As a long time Mac user and now Linux user the only desktop which is vaguely tolerable is Elementary OS as at least someone there with a good eye for detail went through and made sure it all fits together.
I beg to differ, but only with the "especially KDE" part. KDE is a different beast than most other modern desktop environments, in that it does not try to mimic OS X style in any way.
KDE was started way back when with a goal of replicating a Windows-like UI, with a Start-menu like launcher and a Start-bar like task bar with applets.
It may not be to your tastes, but the fit and finish of KDE3, 4 and now 5 is excellent. Integrated application sets (K[Anything]) with integration into a centralized control/config panel for shortcuts, MIME type handling, ...

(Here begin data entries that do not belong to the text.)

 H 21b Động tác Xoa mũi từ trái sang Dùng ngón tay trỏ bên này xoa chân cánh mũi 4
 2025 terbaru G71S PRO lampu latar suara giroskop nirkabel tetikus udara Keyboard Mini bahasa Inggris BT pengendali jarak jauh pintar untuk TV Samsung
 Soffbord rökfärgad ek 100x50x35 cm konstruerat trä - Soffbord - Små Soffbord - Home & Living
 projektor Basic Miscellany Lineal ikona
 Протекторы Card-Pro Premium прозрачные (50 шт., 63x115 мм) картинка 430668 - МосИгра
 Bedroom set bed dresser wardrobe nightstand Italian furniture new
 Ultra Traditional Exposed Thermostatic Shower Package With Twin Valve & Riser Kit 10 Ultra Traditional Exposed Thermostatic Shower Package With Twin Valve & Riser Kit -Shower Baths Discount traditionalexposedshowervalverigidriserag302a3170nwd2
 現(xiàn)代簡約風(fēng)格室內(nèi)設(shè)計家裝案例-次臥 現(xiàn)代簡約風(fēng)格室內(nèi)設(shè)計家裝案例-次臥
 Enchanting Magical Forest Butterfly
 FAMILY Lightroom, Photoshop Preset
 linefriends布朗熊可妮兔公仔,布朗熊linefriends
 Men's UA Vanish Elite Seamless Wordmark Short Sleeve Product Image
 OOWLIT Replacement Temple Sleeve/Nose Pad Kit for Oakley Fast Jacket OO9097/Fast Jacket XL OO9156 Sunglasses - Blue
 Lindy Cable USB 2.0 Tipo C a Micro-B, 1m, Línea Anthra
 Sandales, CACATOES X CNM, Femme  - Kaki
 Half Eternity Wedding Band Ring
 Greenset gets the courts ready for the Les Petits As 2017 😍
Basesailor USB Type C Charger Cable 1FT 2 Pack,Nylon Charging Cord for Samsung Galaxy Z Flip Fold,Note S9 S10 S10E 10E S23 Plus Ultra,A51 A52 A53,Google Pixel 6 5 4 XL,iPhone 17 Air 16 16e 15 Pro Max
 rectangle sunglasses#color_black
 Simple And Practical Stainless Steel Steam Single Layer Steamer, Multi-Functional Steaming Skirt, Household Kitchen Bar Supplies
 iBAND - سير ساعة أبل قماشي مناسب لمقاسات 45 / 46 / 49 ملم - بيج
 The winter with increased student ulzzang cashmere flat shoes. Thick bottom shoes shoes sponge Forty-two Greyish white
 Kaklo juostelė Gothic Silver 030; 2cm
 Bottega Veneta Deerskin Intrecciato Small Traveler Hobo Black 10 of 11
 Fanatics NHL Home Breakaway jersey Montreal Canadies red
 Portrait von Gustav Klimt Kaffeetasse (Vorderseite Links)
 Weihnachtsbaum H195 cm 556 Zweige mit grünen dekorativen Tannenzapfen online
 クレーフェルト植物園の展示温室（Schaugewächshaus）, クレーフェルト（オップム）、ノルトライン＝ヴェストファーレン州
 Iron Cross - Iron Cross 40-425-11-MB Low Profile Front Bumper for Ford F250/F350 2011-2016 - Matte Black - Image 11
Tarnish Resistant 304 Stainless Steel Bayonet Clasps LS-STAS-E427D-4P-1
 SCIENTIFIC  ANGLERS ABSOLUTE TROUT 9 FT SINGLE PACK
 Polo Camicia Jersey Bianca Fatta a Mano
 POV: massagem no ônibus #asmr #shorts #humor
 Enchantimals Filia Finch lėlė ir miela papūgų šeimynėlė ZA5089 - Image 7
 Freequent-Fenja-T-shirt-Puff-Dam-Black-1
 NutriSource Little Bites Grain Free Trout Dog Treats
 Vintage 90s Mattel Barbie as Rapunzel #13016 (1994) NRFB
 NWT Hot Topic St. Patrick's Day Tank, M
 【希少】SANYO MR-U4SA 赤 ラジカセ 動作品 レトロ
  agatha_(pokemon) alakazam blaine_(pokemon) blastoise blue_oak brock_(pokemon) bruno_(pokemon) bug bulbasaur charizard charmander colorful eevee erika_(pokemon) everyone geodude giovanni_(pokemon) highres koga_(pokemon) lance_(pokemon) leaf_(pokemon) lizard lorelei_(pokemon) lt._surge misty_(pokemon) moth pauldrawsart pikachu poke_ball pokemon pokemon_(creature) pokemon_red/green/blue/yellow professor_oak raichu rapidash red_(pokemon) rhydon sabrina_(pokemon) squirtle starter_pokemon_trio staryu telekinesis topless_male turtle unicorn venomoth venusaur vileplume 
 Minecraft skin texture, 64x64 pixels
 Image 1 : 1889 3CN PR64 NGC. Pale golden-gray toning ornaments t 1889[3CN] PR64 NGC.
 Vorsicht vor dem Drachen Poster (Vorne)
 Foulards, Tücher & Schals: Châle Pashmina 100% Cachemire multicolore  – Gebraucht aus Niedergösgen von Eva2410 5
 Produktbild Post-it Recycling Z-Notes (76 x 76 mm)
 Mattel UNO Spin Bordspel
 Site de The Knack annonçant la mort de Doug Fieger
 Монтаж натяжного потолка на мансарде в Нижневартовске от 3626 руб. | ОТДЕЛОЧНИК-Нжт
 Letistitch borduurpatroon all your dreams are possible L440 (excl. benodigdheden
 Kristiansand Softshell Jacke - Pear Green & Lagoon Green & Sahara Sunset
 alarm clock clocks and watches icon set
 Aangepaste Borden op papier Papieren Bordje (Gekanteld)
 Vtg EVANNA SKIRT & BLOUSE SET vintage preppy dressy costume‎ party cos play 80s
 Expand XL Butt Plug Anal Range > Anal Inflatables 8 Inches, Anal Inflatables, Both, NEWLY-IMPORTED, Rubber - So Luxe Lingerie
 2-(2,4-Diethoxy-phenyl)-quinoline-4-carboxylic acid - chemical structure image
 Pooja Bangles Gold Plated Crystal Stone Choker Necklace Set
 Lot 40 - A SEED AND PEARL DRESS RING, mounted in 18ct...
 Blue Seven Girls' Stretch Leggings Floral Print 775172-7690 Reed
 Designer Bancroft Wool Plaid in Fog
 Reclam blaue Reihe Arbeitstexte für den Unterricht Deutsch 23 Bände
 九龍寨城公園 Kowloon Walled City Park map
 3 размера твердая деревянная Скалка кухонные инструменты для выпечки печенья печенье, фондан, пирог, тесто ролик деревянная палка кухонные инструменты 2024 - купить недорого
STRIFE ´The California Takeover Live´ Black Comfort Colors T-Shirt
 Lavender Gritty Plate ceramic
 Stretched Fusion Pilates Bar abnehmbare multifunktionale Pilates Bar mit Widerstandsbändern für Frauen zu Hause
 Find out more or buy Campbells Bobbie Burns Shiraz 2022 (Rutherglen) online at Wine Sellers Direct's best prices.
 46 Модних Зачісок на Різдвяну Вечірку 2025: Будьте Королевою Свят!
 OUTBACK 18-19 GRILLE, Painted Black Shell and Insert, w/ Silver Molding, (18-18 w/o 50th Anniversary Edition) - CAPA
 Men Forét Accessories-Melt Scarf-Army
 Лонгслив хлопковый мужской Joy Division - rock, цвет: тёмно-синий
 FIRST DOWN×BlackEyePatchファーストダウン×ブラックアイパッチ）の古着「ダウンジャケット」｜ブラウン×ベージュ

The only problem with this is that other popular applications do not bind this tightly to KDE (understandable from application developers - KDE is not the only game in town).
Previously, GTK applications in particular acted and looked like they were from '93 when run outside of GTK-centric desktop environments (XFCE, Gnome). However, Qt has developed a GTK2 and 3 engine that uses Qt and Qt themes under the hood, largely solving that problem when properly configured (try any stable OpenSuse release, for instance).
And there are bugs and annoying aspects to Aqua, it's not perfect, but it is stable.
Not because you can't, but because the above are better apps and a nicer experience than the Apple equivalents.
Once you get out of Apple's walled garden (and reality distortion field), you might find you like it better.